«A mi abuelo le habría encantado estar hoy aquí»

Alumnos de Montevil pintan el mural homenaje a Mieres. A la derecha, Iris, nieta del pintor. /  D. ARIENZA
Alumnos de Montevil pintan el mural homenaje a Mieres. A la derecha, Iris, nieta del pintor. / D. ARIENZA

Alumnos de la Escuela Infantil de Montevil, entre ellos un biznieto de Alejandro Mieres, evocan su figura

MARLA NIETO GIJÓN.

Pintura de todos los colores esparcida por el suelo de la Escuela Infantil de Montevil y un enorme mural con el diseño de una de las obras del pintor asturiano Alejandro Mieres, una de las grandes personalidades artísticas de la abstracción española, listo para ser firmado por los alumnos de 1 a 3 años.

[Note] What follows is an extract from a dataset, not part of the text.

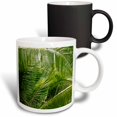 thumbnail image 1 of 3drose, Palm Trees, 11oz Magic Transforming Mug, 1 of 7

Los niños rindieron ayer un original homenaje al artista, fallecido en febrero del año pasado a los 90 años, durante una actividad desarrollada en el propio centro. La iniciativa surgió a raíz de la propuesta que su nieta, Iris Rodríguez Mieres, hizo en la Asociación de Madres y Padres de Alumnos la escuela, ya que su hijo es alumno del centro.

«A mi abuelo le habría encantado estar hoy aquí con los niños. Él iba muchas veces a colegios y hacía actividades con los alumnos. De hecho, recuerdo una vez que fue con algún grupo al Museo Barjola a ver varios de sus cuadros y luego fueron a la playa a dibujarlos en la arena».

Mientras unos pintaban el mural en el suelo, otros decoraban unas fichas desde las mesas. Al mismo tiempo que disfrutaban del arte, aprendían los colores. Los hubo que, según llegaba la pintura, no dudaron en meter los dedos y plasmarla por completo en la hoja. Otros, más cautelosos, fueron poco a poco pintando pequeños lunares. Cada uno con sus estilo, mostraron, precisamente, eso que tan bien supo siempre hacer el pintor palentino, gijonés de adopción: expresar su personalidad. «Les hemos contado quién fue Alejandro Mieres, pero ellos aún son muy pequeños y no lo entienden muy bien», explicó Iris Rodríguez Mieres. Finalmente, juntaron sobre el mural todas las fichas realizadas a modo de puzle.

«Lo cariñoso que se volvió»

La nieta de Mieres resaltó de su abuelo «lo cariñoso que se volvió en los últimos años. En realidad siempre lo fue, pero con el tiempo se hizo más, sobre todo desde que nacieron sus bisnietos». Además, dijo, «continuó pintando casi hasta el final de sus días, la mayoría de las veces junto a mi abuela. Un año después del fallecimiento de ella se nos fue él», rememoró.

Sus cuadros están repartidos por todo el territorio nacional, desde Madrid, donde se puede encontrar alguna de sus obras en el Reina Sofía, hasta Bilbao o Granada y alguno en Alemania. «El artista de la geometría sin límites», como lo denominaba el poeta Antonio Gamoneda, supo dejar un buen legado a base de su ingenio pictórico, no solo como artista sino también por sus años de docencia y, cómo no, por su entrañable figura y la cercanía con los suyos.